Sgombriamo subito il campo da ogni presa di posizione ideologica: il cinema socialista di Ejzenstejn così come quello (talvolta) reazionario di John Ford celebrano l’essenza primigenia di ideologie diversamente pericolose, portatrici di danni inenarrabili, ma sono indiscutibili esempi dell’ arte e del mestiere di cineasti eccelsi. Chiusa la premessa che a qualcuno parrà pilatesca, parlo di un film dalle forti emozioni.

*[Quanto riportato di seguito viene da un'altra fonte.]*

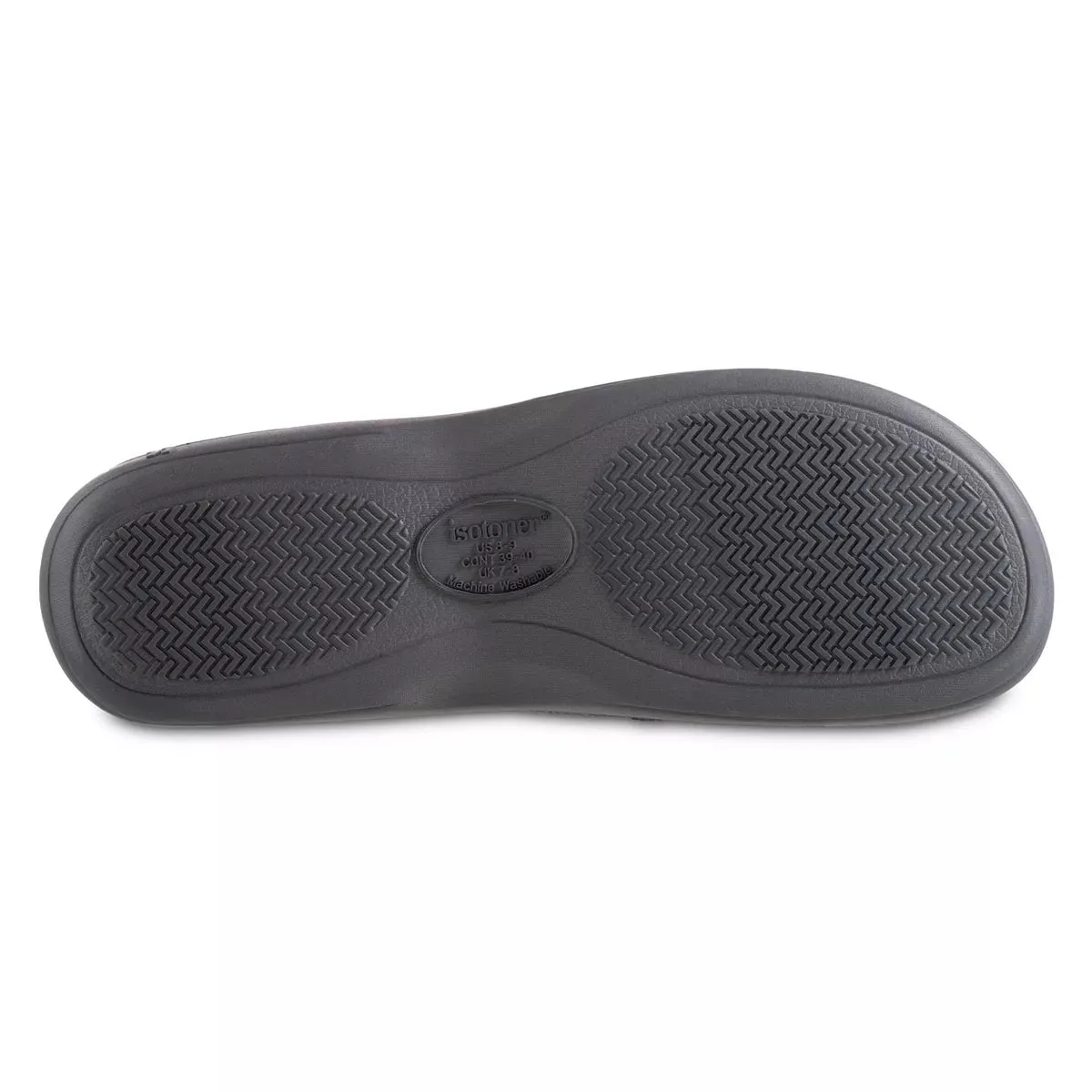 New Men's isotoner Microterry and Waffle Travis Hoodback Slippers, Sz XXL 13-14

In questo intenso Sciopero vediamo inquadrature molto brevi, un serrato lavoro di “montaggio delle attrazioni” (il découpage non cerca solo la coerenza narrativa, ma cerca anche di provocare con brevi immagini extra-diegetiche, mediante associazioni di idee, delle scosse emotive allo spettatore) con profusione di dissolvenze a iris, a tendina, incrociate e tutto il campionario del caso. Un linguaggio originale che rende la narrazione frammentata a bozzetti grotteschi che carezzano il surreale; gli attori sgranano tanto di occhi, sciorinano sguardi iperespressivi, con risate e bronci marcatamente teatrali.
L’azione portante è preannunciata dalla montante sedizione bolscevica; gli operai si aggirano furtivi, circondati da spie caricaturali simboleggiate da un animale (la scimmia, il gufo, il bulldog, etc). In breve tutto è animato da un grande dinamismo, gli uomini si tuffano, si arrampicano, si intrufolano, sgattaiolano nel gigantesco set di una fabbrica. Il dramma si acutizza con la vicenda personale dell’operaio Yakov, accusato di furto dal capetto di turno. Esplode la contestazione, che sarà poi soffocata nel sangue dalla polizia zarista.
Vi sono sequenze notevoli per il loro simbolismo, tra le quali mi sembra efficace quella di un capopopolo arrestato, picchiato e poi corrotto, di una innocenza perduta simboleggiata dietro a lui da una coppia di bambini vestiti come adulti che danzano sopra un tavolino imbandito.
E soprattutto vi sono sequenze terribilmente potenti: gli idranti sulla folla, in scene di vibrante drammaticità, il caporione umiliato in una pozza di fango col montaggio alternato dei pistoni della fabbrica che riprendono a pulsare.
Finale indimenticabile, con grovigli di corpi che ricordano le battaglie delle tele di Rubens. Gli ultimi minuti del macello sono di una crudezza sconvolgente, fino all’ultimo inequivocabile cartello ammonitore: “Ricordate, proletari!”